Records from a collection:

··········

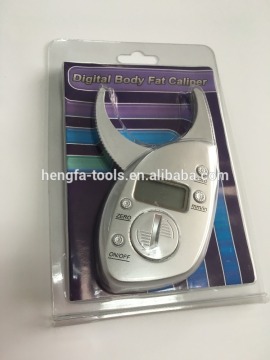 Battery powered plastic fat calipers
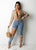 Laced Up Denim Cut Out Jeans - Shop Celebrity Style Women's Clothing and accessories online  - Thirst Couture Boutique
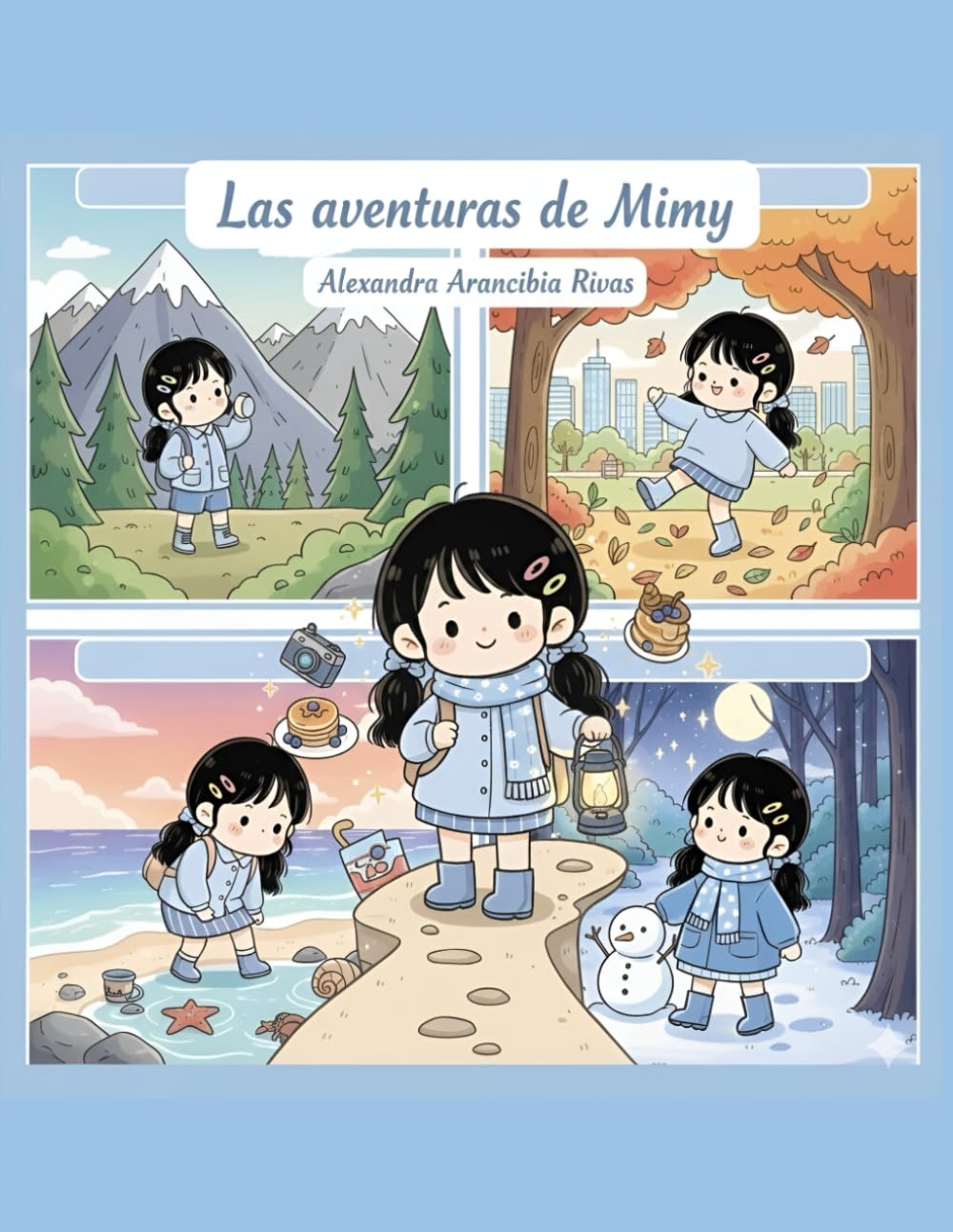 Colorea las aventuras de Mimy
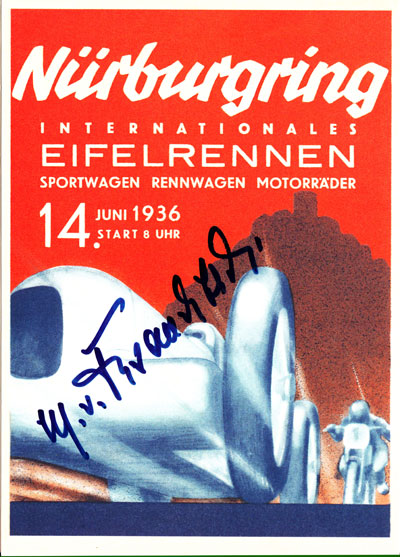 autograph Richard von Frankenberg_1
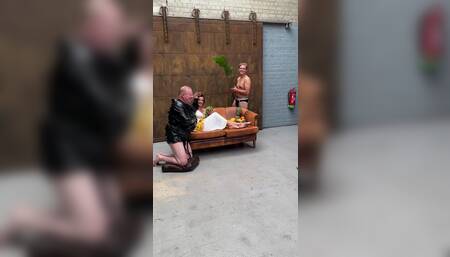 Behind the scenes met de jongens van Roddelpraat????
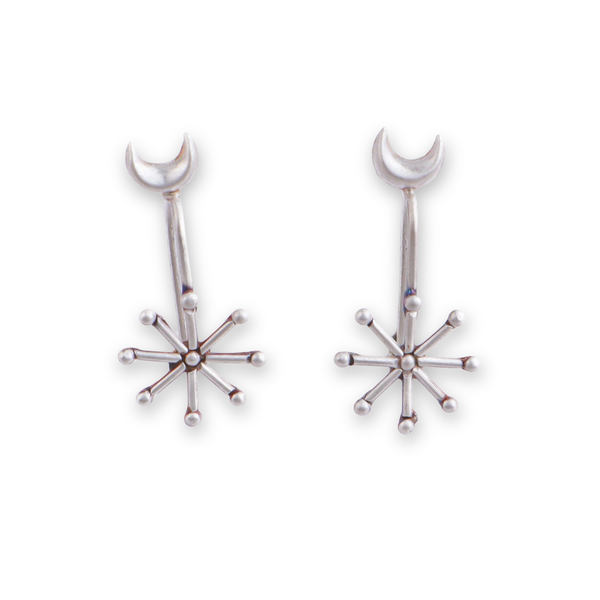 Chandrakor Snowflake Bugadi (Clip-on)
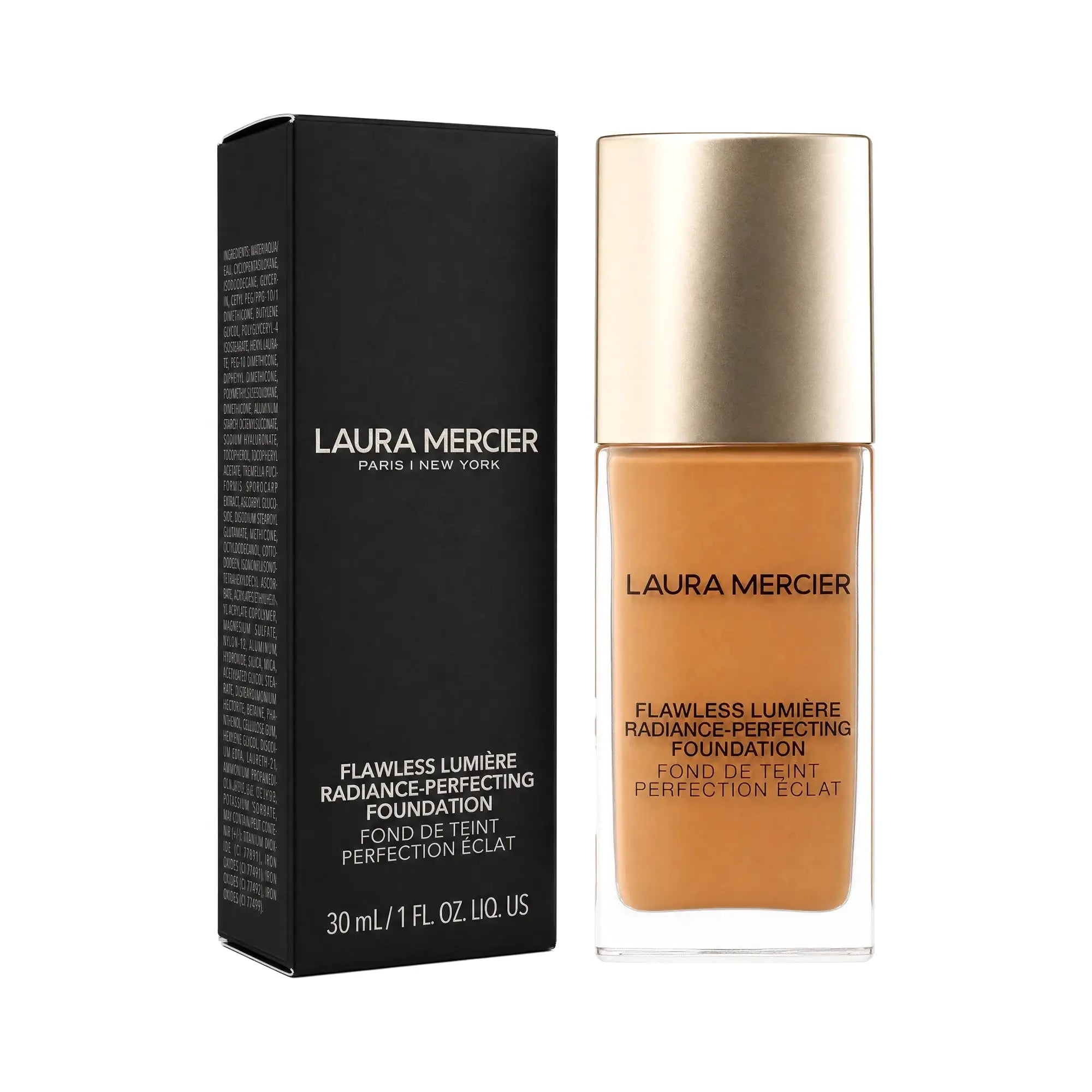 61254-Laura Mercier Flawless Lumiere Foundation 30ml- 4W1 Maple +8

··········

■ **Exercise brief**
Every line from the top of the entries through the line that holds "autograph Richard von Frankenberg_1" is to be quoted exactly, please, and nothing else; omit the pictures.

■ **Exercise answer**
 Battery powered plastic fat calipers
 Laced Up Denim Cut Out Jeans - Shop Celebrity Style Women's Clothing and accessories online  - Thirst Couture Boutique
 Colorea las aventuras de Mimy
 autograph Richard von Frankenberg_1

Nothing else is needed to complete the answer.